Texas

Energy and Environment Reporting for Texas

What Texas’ Fracking Disclosure Law Does and Doesn’t Do

Photo by Mike Ehrmann/Getty Images

As Dallas debates how to regulate fracking within city limits, a new report sheds light on what exactly could be used to drill deep underground.

Hydraulic fracturing, or “fracking,” involves sending an awful lot of stuff into the ground. A new report by the Dallas Morning News examines just how much stuff is needed, and what exactly is in it.

Dallas’ City Council is currently considering regulation of fracking within city limits, so the Morning News decided to learn what they could about what kind of “stuff” would be sent underground. The paper’s environmental writer, Randy Lee Loftis, looks at one well in Dallas County, owned and operated by Chesapeake Energy, one of the country’s biggest drillers. The company had voluntarily disclosed much of what it used to frack the well last August, ahead of a new law passed by the Texas legislature mandating such disclosures.

So what did they find? It took 38 million pounds of stuff to frack the well and release the gas trapped deep below.

Most of that (32 million pounds, or nearly four million gallons) was water. A lot of it, close to four million pounds of the mix, was sand. Water and sand made up roughly 95 percent of the materials used to frack the well.

Then there are the chemicals, as much as 55,000 pounds of them:

“…the rest of what went underground was chemicals — acids, alcohols, petroleum-related mixtures and others. Doing the math indicates that well 3H might have received as much as 55,000 pounds of chemicals. If the other wells in the Barnett Shale have required similar amounts, the chemical injection across the region may have approached 1 billion pounds.

The Chesapeake report did not specify the exact amount of each chemical or product that was used, only the maximum possible percentage. So the total chemical amount for the well could be an overestimate, but the numbers do show that the chemical use might be higher than the public imagined. Hydrogen chloride, for example, might make up just 0.09 percent of the fracking fluid, but that might represent 35,480 pounds.”

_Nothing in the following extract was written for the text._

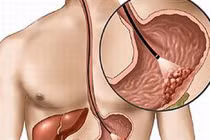 Sự nguy hiểm của bệnh ung thư dạ dày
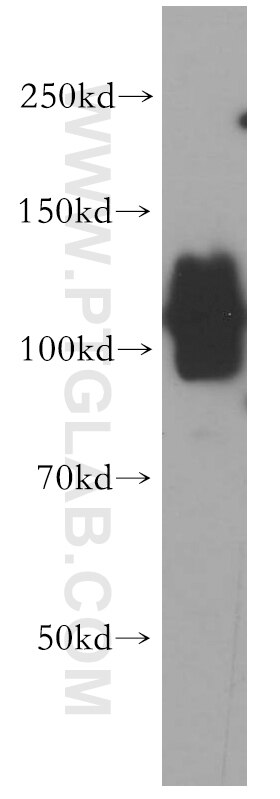 Western Blot (WB) analysis of human brain tissue using ERC2 Polyclonal antibody (21396-1-AP)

The paper finds that most of the chemicals were disclosed, but some were not, having been deemed “trade secrets.” And some of the chemicals included in the mix were toxic, “with potentially fatal consequences for inhaling or swallowing it or through skin contact” and ecologically dangerous Loftis writes.

The general consensus at this point is that fracking drilling takes place so far below ground that in most cases, it can’t move up and pollute drinking water closer to the surface. But, as studies have shown, there are risks from surface spills, blowouts and well casing failures where water could become contaminated. (And when the waste water from fracking is disposed of even deeper underground, it can cause earthquakes in some places.)

The Morning News report finds some serious loopholes in Texas’ fracking disclosure laws. “Incidental chemicals not used for a specific purpose need not be reported,” Loftis writes. “Actual amounts used aren’t required. Trade secrets can still be protected.”

And the disclosure laws only apply to new wells permitted after February 1 of this year. But before that, Loftis notes, there were already 18,000 wells for fracking drilled in the state. Under the law, there will be no disclosure disclosure of those fracking operations.